Réflexion sur la qualité du français à l’Université de Moncton
L'état de la langue française préoccupe la haute direction de l'Université de Moncton. L'établissement s'est donné le mandat de tenir des journées de réflexion. Un des objectifs : améliorer la qualité de la langue.
Le taux de réussite en lecture des élèves francophones de 2e année a diminué au Nouveau-Brunswick entre les années scolaires 2018-2019 et 2021-2022.
Photo : Reuters / Eric Gaillard
La qualité du français des Acadiens est-elle en déclin? Des experts réunis à l’Université de Moncton n’en sont pas si certains et préféreraient que cette hypothèse s’appuie sur des faits.
Le problème du discours et des perceptions négatives qui surgissent plusieurs fois au cours d'une même décennie dans les médias, du discours au sujet de notre façon de parler en Acadie
, n’est pas productif
, affirme Sylvie Blain, professeure en didactique du français à l'Université de Moncton.
Ces idées — préconçues, suggère-t-elle — créent encore plus d’insécurité linguistique
chez les francophones en milieu minoritaire.
À force de se faire dire ça, on a l’impression que notre français n’est pas bon. Alors que ce n’est pas vrai
, poursuit-elle.
« On a honte de la façon dont on parle et cette honte vient souvent de ce discours. »
Selon elle, il n'est pas sûr que la qualité de la langue française se détériore en Acadie. C’est basé sur des anecdotes, des rumeurs, mais il n’y a pas eu d’enquêtes sérieuses, de données empiriques qui démontrent hors de tout doute que la qualité de la langue se détériore
, dit la professeure.
J’ai 60 ans. Quand j’avais 20 ans, les gens de 60 ans disaient de ma langue qu’elle était mauvaise, que "les jeunes d’aujourd’hui ne savent plus écrire". Ça revient à chaque génération, ce discours-là
, a illustré Mme Blain, rencontrée vendredi à Moncton à l’occasion de la seconde de trois journées de réflexion sur la langue française.
La première de ces trois journées organisées par l’Université de Moncton s'est déroulée lundi dernier au campus de Shippagan. Un dernier jour d'ateliers est prévu mardi prochain au campus d'Edmundston.
Gervais Mbarga, professeur d’information-communication à l’Université de Moncton et président du Conseil de la langue française, explique que le sénat académique s’inquiétait de la qualité de la langue et a interpellé le recteur à ce sujet.
Plutôt que de s'enfermer tout seul, le recteur a préféré une réflexion inclusive, où il a appelé toutes sortes d'acteurs de la communauté qui s'intéressent à la langue, a expliqué M. Mbarga, vendredi.

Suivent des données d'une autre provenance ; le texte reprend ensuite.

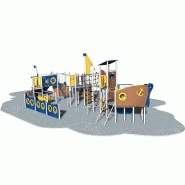 Structure pour aire de jeux en inox - 4 tours et étrave - Gamme Cargo - Réf: bi5b_1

Parce que la langue n'est pas que pour les universitaires. C'est pour ça qu'il a appelé tout le monde.
Ainsi, ce sont des intervenants aux horizons variés qui nourrissent les échanges. Le professeur Mbarga espère voir émerger des stratégies pour conserver, maintenir, voire améliorer la qualité de la langue
.
Une des solutions concrètes, affirme Sylvie Blain, c’est de voir comment la langue a évolué, dans un sens ou dans l’autre, au fil des ans, en examinant des données concrètes. La professeure explique être responsable depuis 2017 du test de compétence langagière en français des futurs enseignants, mais avoir accès à des statistiques remontant à une vingtaine d’années.
« Mesurons de façon objective cette fameuse qualité de la langue au fil des ans [...] avant de nous prononcer sur le fait que les jeunes d’aujourd’hui ne savent plus écrire. »
On apprenait en septembre que les taux de réussite de la plupart des évaluations provinciales avaient chuté parmi les élèves francophones du Nouveau-Brunswick, notamment en lecture, comparativement aux années scolaires précédant la pandémie. Sylvie Blain prévient que ces résultats doivent être pris dans ce contexte très particulier.
Avant la pandémie, les résultats en littératie des tout-petits de 2e année s'amélioraient d'année en année, dit-elle. Maintenant, la pandémie a changé cela. Ça m'inquiète, parce qu'on attend toujours le plan de rattrapage du ministère de l'Éducation, et là, on a changé de ministre de l’Éducation.